30 days in the custody of Children’s Services followed.
“Why that?” the mother asked. “Why that?”
In due course, Baby was returned to her mother. Baby did not talk. She did not walk. No one could speak of the days when she ran. Everyone still loved her, loved her.
“We will do what we can,” they said.
“There is no looking back, only forward.”
“Attitude is everything.”
These were their mantras, chanted like prayers.
The mother took her child outside for fresh air. She’d lie upon the silken crown of her hair and stare at the sky. The mother would take her inside. She would lie there resting her head upon that same hair and stare at the ceiling with the same eyes. And so the days passed, one the same as the other except for those days when the “cognitive impairment” would cast a shadow and the baby—a child now but hair still fine and eyes still blue—would pitch a fit.

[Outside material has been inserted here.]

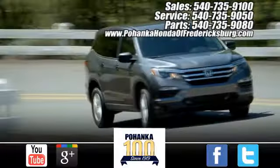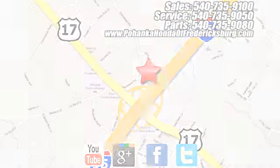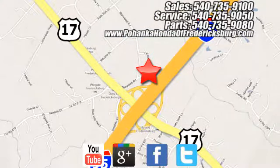Pohenka Honda of Fredericksburg is a great place to buy a car, conveniently located at 60 South Gateway Drive in Fredericksburg.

A hum would become a moan; a moan would become a scream. The scream would become another, and the world would stop for an hour while she screamed and screamed and screamed. The mother would pick her up and hold her too tightly and rock and rock and rock, and her tears were her prayers. Her prayers would fall upon her child’s face and she’d rest, the girl in her lap and her back against the wall. She would hold the child’s face against hers, and every time she did, she thought she could smell the breath of her dog in the hair of her daughter.
Always then, always with the salt of her tears mixing with the breath of the dog, the child would cease to scream. She’d sleep then, closing her eyes so blue, her fine hair damp with sweat.
“Flower,” the mother would say, her eyes on that ceiling, or even on this sky. “Flower.”